2Le désaveu des peuples des pays développés envers leurs régimes démocratiques s’explique de bien des manières. On peut mettre le cynisme ambiant sur le compte de certaines affaires de corruption ou d’abus de pouvoir. Sauf que ces situations touchent une minorité d’hommes et de femmes politiques. De plus, nos systèmes démocratiques comportent des mécanismes pour les juger et les punir, preuve que les systèmes fonctionnent, peuvent repérer les brigands et leur infliger une correction. En outre, la démocratie telle que nous la vivons permet aux électeurs de jeter les fautifs à la porte lors des élections suivantes. Les citoyens ne sont pas impuissants devant l’imposture. Enfin, les comportements déviants de certains de nos élus pourraient très bien avoir l’effet contraire sur les masses en incitant nombre d’entre nous à poser leur candidature et d’aller faire mieux qu’eux une fois élus.

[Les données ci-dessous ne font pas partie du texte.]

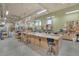 Features a large workshop area with tool benches, equipment, and natural lighting at 14390 E Marina Dr # 606, Aurora, CO 80014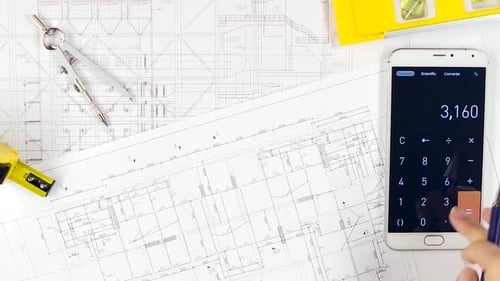 Engineers Fix Errors on Drawings, and Discuss Cooperation. Close Up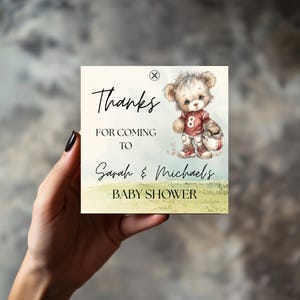 Könnte beinhalten: Quadratische Babyparty-Gefälligkeit mit Aquarelldesign. Die Karte zeigt den Text "Danke für das Kommen zur Babyparty von Sarah & Michael". Auf der rechten Seite der Karte befindet sich ein Teddybär in Football-Uniform.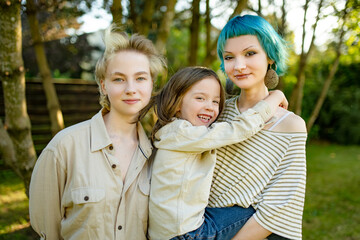 Fototapeta premium Three siblings pose together outdoors on a warm autumn day, with a smiling boy hugging his older sister. Natural family portrait in a garden setting.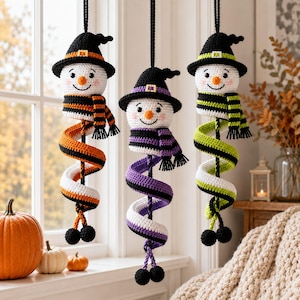 May include: Three hanging crochet snowman ornaments wearing witch hats. Each snowman has a striped scarf and a long, spiralling body in orange and white, purple and black, or lime green and white. They hang from black cords with small pom-poms.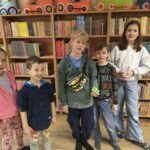 Grupa dzieci stoi przed regałami z książkami, prezentując elementy kostiumów nawiązujące do epoki odkryć geograficznych.
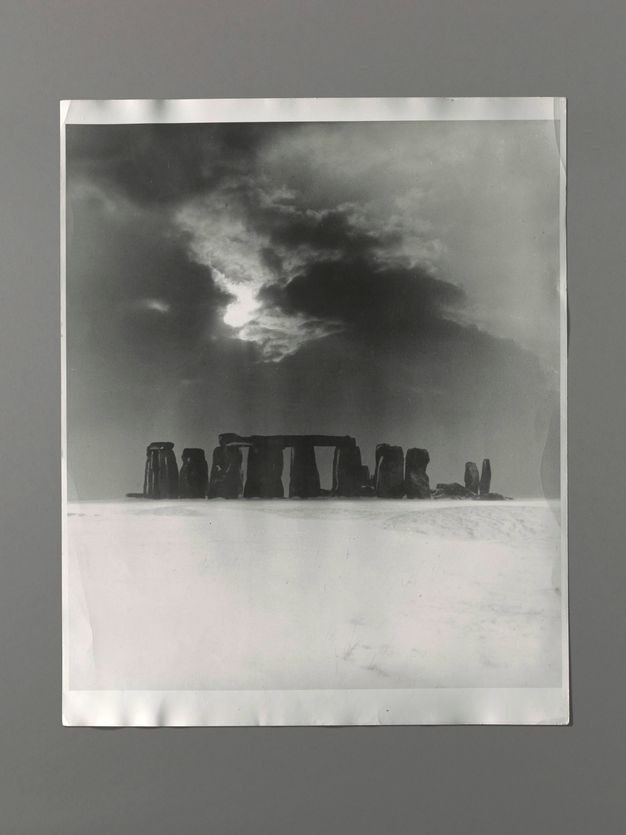 Black and white photograph. The dark posts and lintels of Stonehenge mark the transition from a stark, snowy field to a bright sunburst piercing dark clouds above.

3La distance prise par les populations à l’égard de la politique partisane me semble s’expliquer par des facteurs structurels plus importants. D’abord, la politique a réussi, par l’instauration de l’État-providence et des grands systèmes de sécurité sociale et d’éducation publique, à accroître la sécurité, la liberté et l’égalité entre les citoyens. Ces systèmes sont devenus lourds. Cette lourdeur freine leur évolution positive, empêche la souplesse que requiert le pluralisme des sociétés modernes. Elle a toutefois l’avantage de rendre ces systèmes indestructibles. On ne peut pas revenir en arrière. Des gouvernements sabrent les budgets, l’égalité d’accès n’est jamais parfaite, mais l’essentiel est préservé. En ce sens, la majorité des citoyens a le sentiment de pouvoir compter sur des acquis. Nous ne sommes plus dans un contexte de nécessité. Nous vivons à l’époque de l’amélioration continue. Bref, dans l’ensemble, sur les questions essentielles, la majorité d’entre nous croit que les problèmes les plus graves sont résolus. Le jugement que l’on porte alors sur les hommes et les femmes politiques et les choix que l’on fait lors des scrutins électoraux portent sur des nuances de style et de leadership.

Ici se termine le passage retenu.